_Task to complete_.
Wherever the string "with" shows up in the data below, copy the whole line.

Stored items from a collection:
══════

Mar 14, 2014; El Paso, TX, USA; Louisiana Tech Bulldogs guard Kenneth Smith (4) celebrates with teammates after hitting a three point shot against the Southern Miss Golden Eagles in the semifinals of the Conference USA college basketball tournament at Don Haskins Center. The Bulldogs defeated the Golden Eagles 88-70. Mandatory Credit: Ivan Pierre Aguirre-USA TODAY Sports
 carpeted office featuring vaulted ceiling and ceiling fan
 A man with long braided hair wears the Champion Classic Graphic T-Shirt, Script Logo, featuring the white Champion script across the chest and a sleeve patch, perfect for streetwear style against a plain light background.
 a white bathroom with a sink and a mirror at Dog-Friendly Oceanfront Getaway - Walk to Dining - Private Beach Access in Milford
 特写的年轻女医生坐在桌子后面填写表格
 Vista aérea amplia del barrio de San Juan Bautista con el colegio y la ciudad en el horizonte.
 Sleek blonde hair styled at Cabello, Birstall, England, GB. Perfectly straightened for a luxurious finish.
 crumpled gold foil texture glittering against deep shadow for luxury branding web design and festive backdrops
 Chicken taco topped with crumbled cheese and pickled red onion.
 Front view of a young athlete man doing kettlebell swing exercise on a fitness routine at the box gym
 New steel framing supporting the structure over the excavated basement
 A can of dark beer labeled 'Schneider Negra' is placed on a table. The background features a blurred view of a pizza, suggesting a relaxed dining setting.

══════

_Your solution_.
Mar 14, 2014; El Paso, TX, USA; Louisiana Tech Bulldogs guard Kenneth Smith (4) celebrates with teammates after hitting a three point shot against the Southern Miss Golden Eagles in the semifinals of the Conference USA college basketball tournament at Don Haskins Center. The Bulldogs defeated the Golden Eagles 88-70. Mandatory Credit: Ivan Pierre Aguirre-USA TODAY Sports
 A man with long braided hair wears the Champion Classic Graphic T-Shirt, Script Logo, featuring the white Champion script across the chest and a sleeve patch, perfect for streetwear style against a plain light background.
 a white bathroom with a sink and a mirror at Dog-Friendly Oceanfront Getaway - Walk to Dining - Private Beach Access in Milford
 Chicken taco topped with crumbled cheese and pickled red onion.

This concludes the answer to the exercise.